The Cairns Post

Prawn farm in for boost

- ALICIA NALLY alicia.nally@news.com.au

DISEASE and a growing domestic demand has prompted a Mossman prawn farm to expand its operations.

Gold Coast Tiger Prawns’ 50ha facility will be expanded by 18ha when work on constructi­ng another 16 ponds is completed next winter.

Executive director Nick Moore said the parcel of land off the Mossman-Daintree Rd and another allotment to the north was bought several years ago.

“We only started constructi­on a month ago,” he said.

“It’s a two-stage procedure. We won’t be putting any water in the ponds until after the wet season, so we will stock the ponds in early winter.”

The company plans to run a self-sustaining breeding facility and hatchery in the long term.

Each pond holds 400,000 to -500,000 prawns.

“White spot actually put these plans back a year,” he said. “We’ve been exporting most of the 30 years we’ve been running but in recent times demand in Australia has been such that we don’t need to export.

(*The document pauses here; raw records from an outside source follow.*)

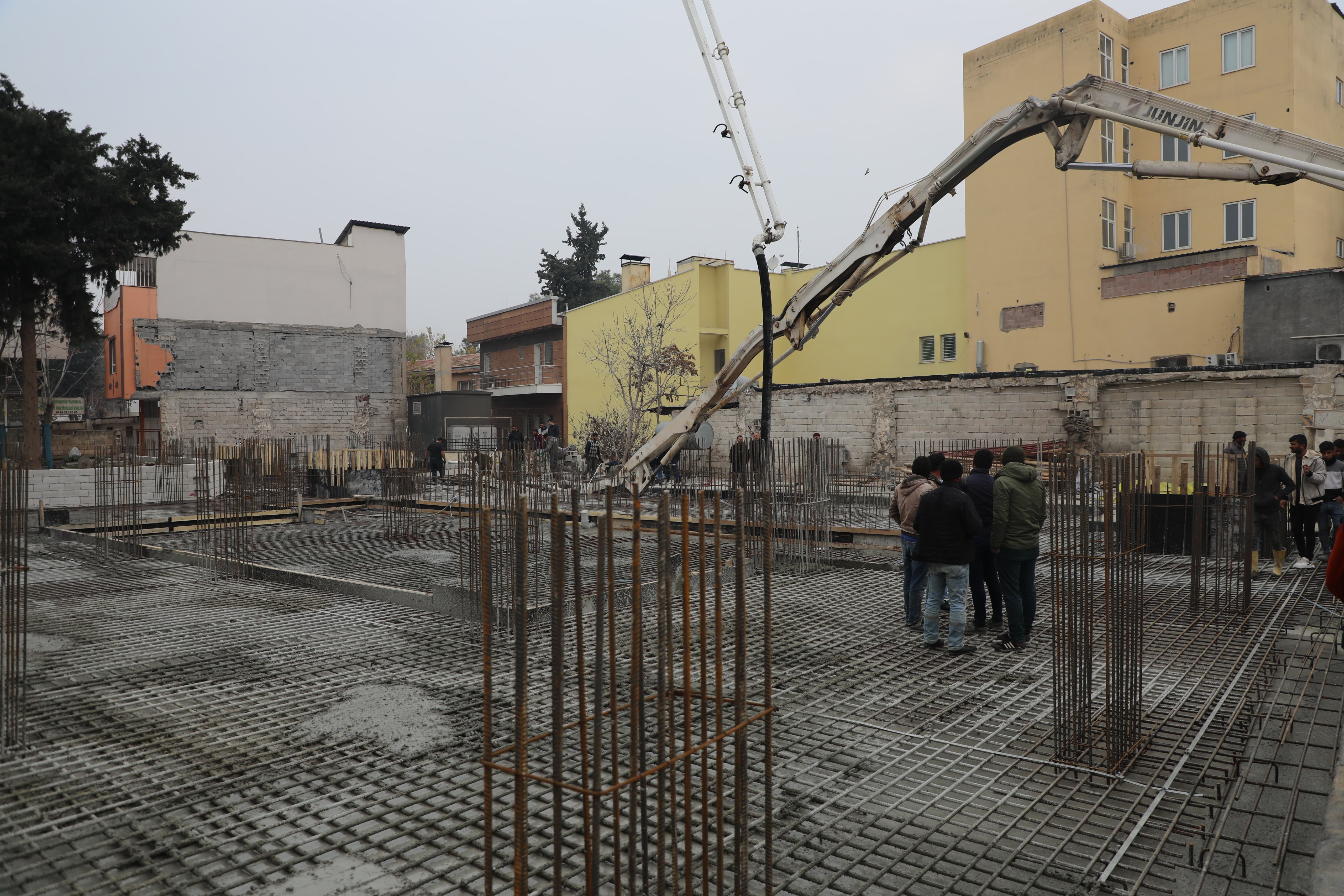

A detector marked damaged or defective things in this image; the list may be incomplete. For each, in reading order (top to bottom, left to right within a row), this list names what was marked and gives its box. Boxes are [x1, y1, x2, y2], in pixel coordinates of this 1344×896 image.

damaged wall [138, 317, 412, 443]
damaged wall [710, 363, 1336, 473] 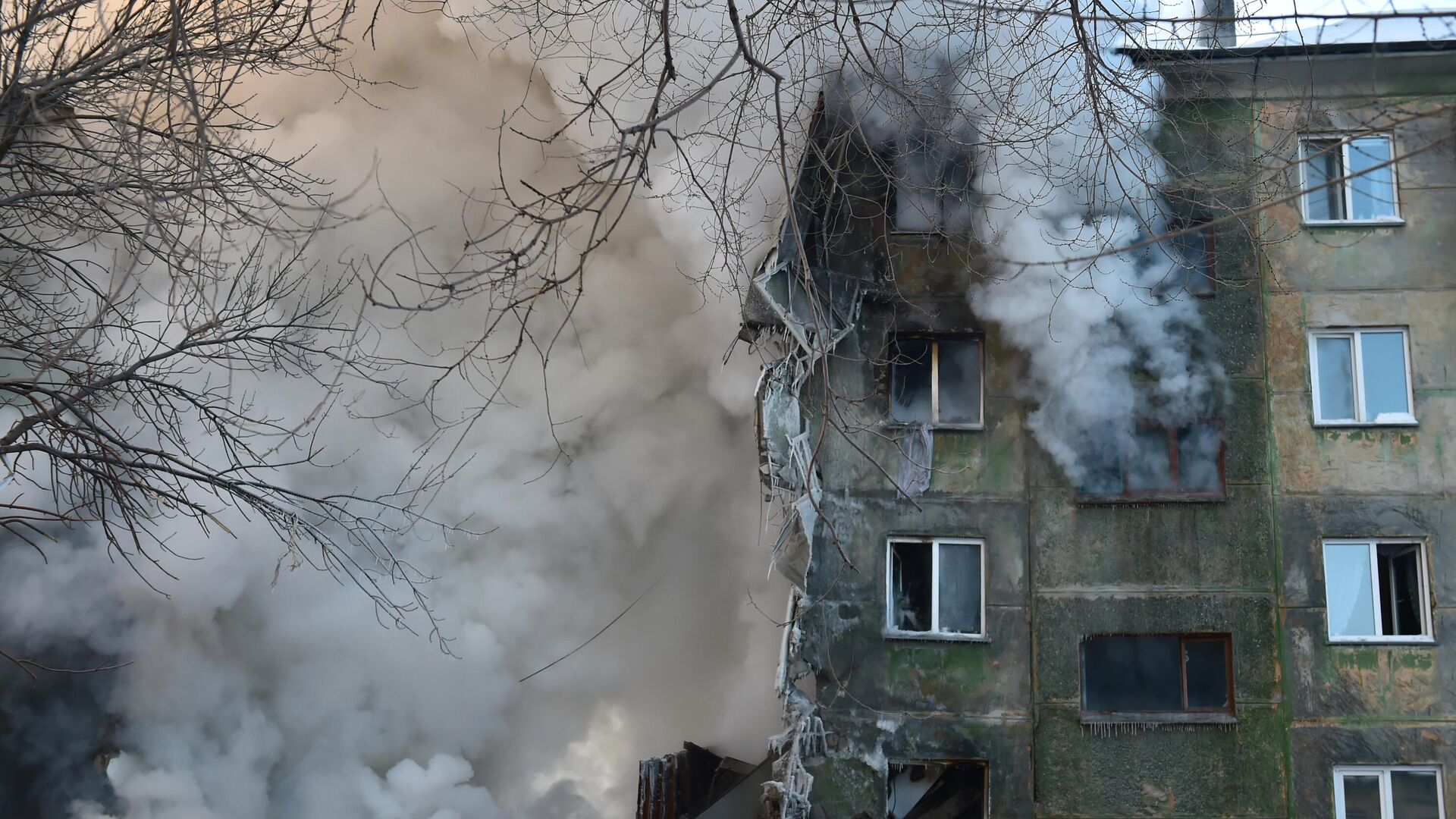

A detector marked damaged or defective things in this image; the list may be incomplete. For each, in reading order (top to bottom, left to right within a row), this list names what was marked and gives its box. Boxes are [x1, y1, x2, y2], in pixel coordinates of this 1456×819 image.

broken window [880, 135, 971, 234]
broken window [1304, 135, 1407, 223]
broken window [886, 340, 977, 428]
damaged apartment building [643, 29, 1456, 813]
broken window [1074, 422, 1225, 500]
broken window [1310, 328, 1407, 425]
broken window [880, 537, 983, 640]
broken window [1323, 540, 1426, 643]
broken window [1080, 634, 1225, 716]
broken window [886, 761, 989, 819]
missing floor section [886, 761, 989, 819]
broken window [1329, 764, 1444, 813] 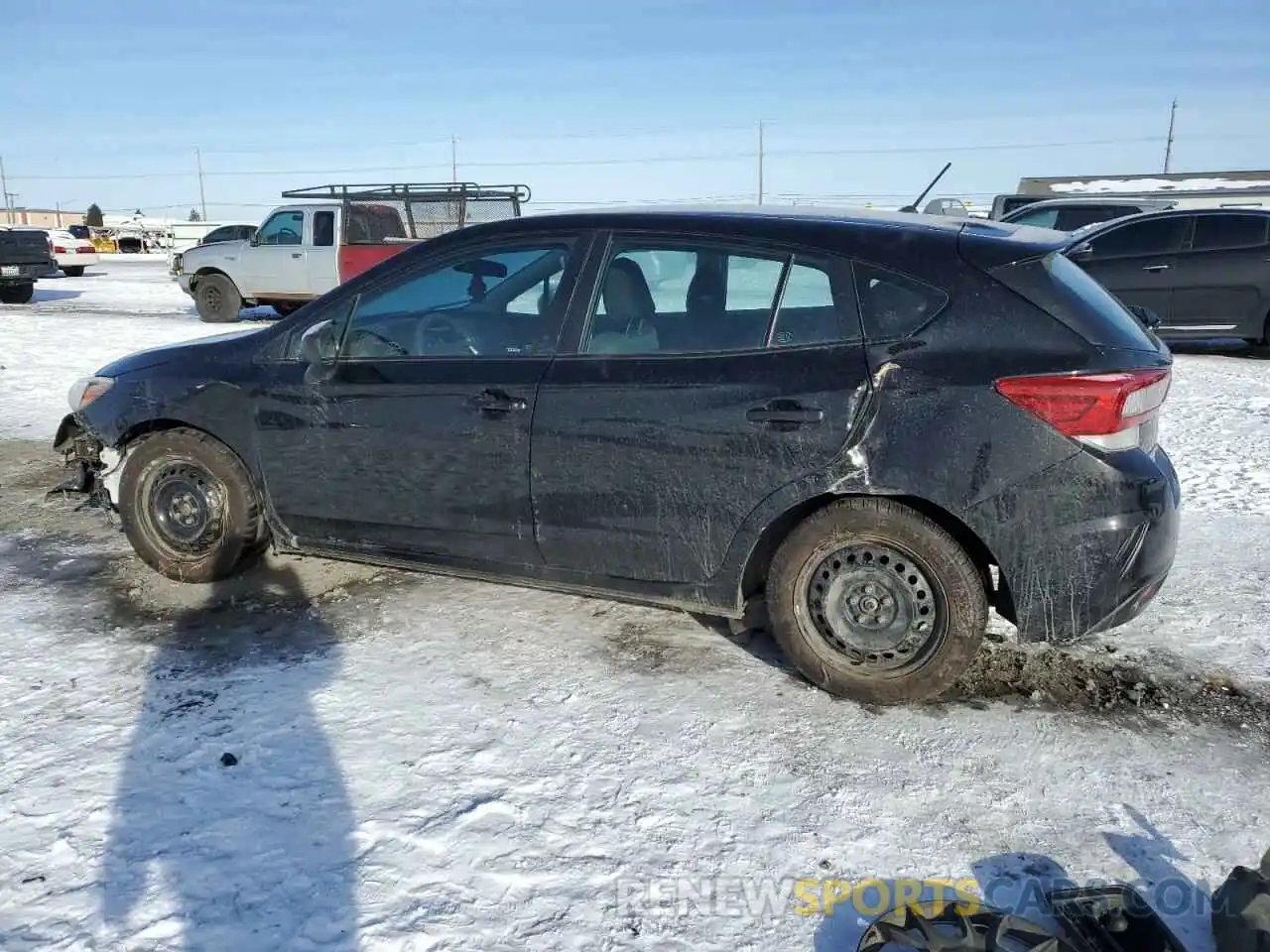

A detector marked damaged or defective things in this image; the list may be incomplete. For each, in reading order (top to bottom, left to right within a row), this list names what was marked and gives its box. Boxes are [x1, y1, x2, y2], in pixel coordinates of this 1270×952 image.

crumpled front bumper [51, 414, 119, 510]
damaged black car [49, 205, 1178, 705] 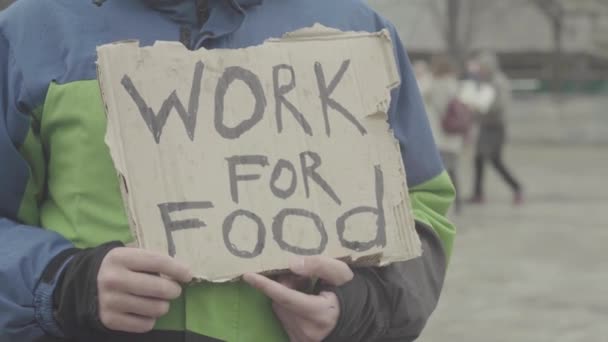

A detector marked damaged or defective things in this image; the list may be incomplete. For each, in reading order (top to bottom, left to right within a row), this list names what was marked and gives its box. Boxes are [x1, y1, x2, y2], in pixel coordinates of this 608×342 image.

torn cardboard [97, 23, 420, 280]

“We’re quite happy to look after our Australian customers.

“Our company breeding program aims to domesticat­e the prawns further.

“We want to be self-reliant, we don’t want to rely on the wild at all.

“When you have the potential of white spot, you need to be totally independen­t.”

Biosecurit­y at the facility was ramped up in January this year after an outbreak of white spot disease, which can result in 100 per cent mortality within a few days of the onset of visible signs, in the Logan River in the state’s southeast.

Millions of dollars worth of product had to be destroyed.